[Start of Attachment]

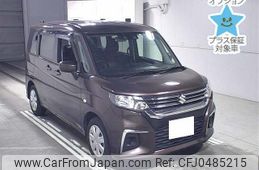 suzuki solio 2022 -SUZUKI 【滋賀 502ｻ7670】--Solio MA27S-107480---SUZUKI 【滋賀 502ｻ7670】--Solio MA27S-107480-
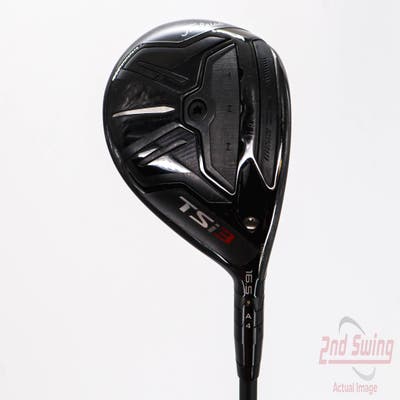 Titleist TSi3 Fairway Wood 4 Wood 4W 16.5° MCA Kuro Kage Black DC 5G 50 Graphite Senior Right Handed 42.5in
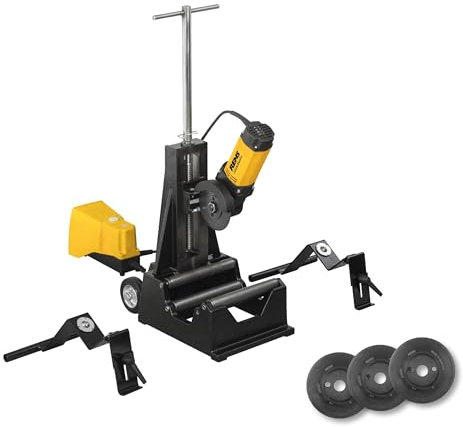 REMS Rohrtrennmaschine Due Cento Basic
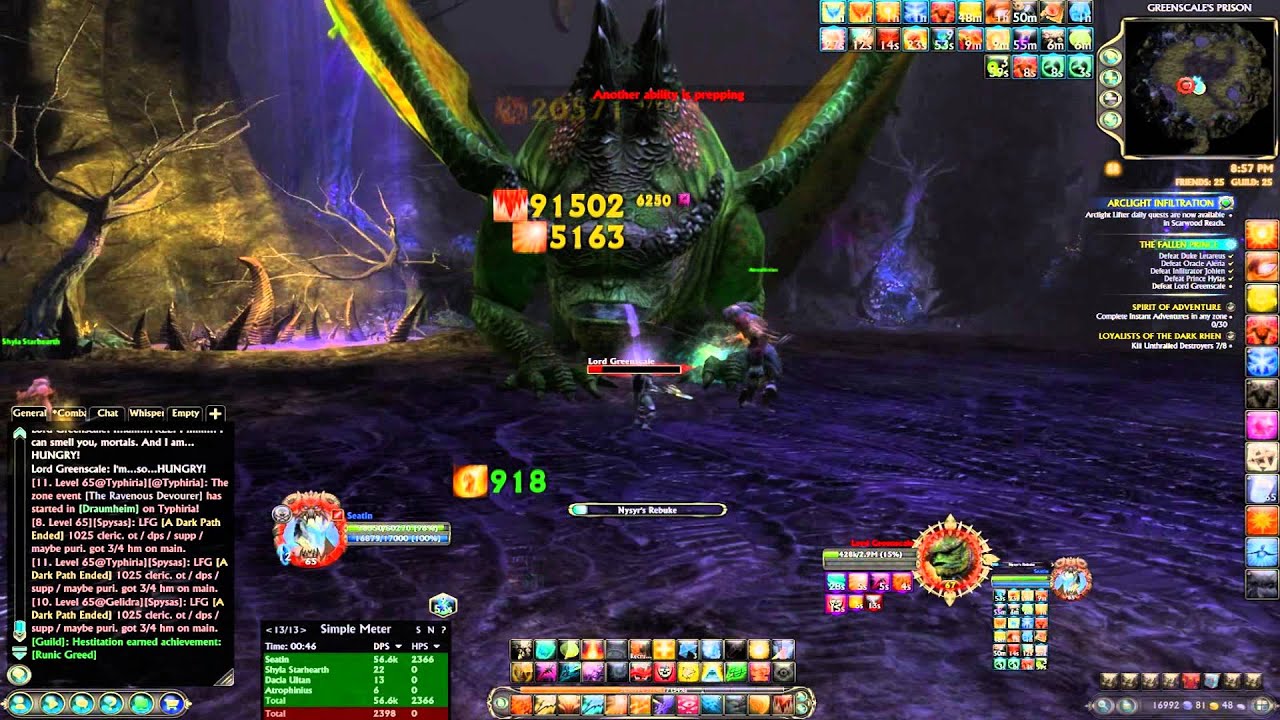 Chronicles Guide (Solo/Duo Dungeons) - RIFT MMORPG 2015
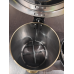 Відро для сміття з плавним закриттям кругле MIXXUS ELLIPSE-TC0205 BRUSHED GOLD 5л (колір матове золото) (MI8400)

[End of Attachment]
[Start of Attachment]

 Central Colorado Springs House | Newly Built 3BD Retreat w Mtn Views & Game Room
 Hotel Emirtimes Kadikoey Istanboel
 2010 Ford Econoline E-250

[End of Attachment]

◆ YOUR TASK ◆
What you write out is the stretch of entries from the line containing "Titleist TSi3 Fairway" to the line containing "Відро для сміття", word for word, with both end lines and no pictures.

◆ EXERCISE RESPONSE ◆
 Titleist TSi3 Fairway Wood 4 Wood 4W 16.5° MCA Kuro Kage Black DC 5G 50 Graphite Senior Right Handed 42.5in
 REMS Rohrtrennmaschine Due Cento Basic
 Chronicles Guide (Solo/Duo Dungeons) - RIFT MMORPG 2015
 Відро для сміття з плавним закриттям кругле MIXXUS ELLIPSE-TC0205 BRUSHED GOLD 5л (колір матове золото) (MI8400)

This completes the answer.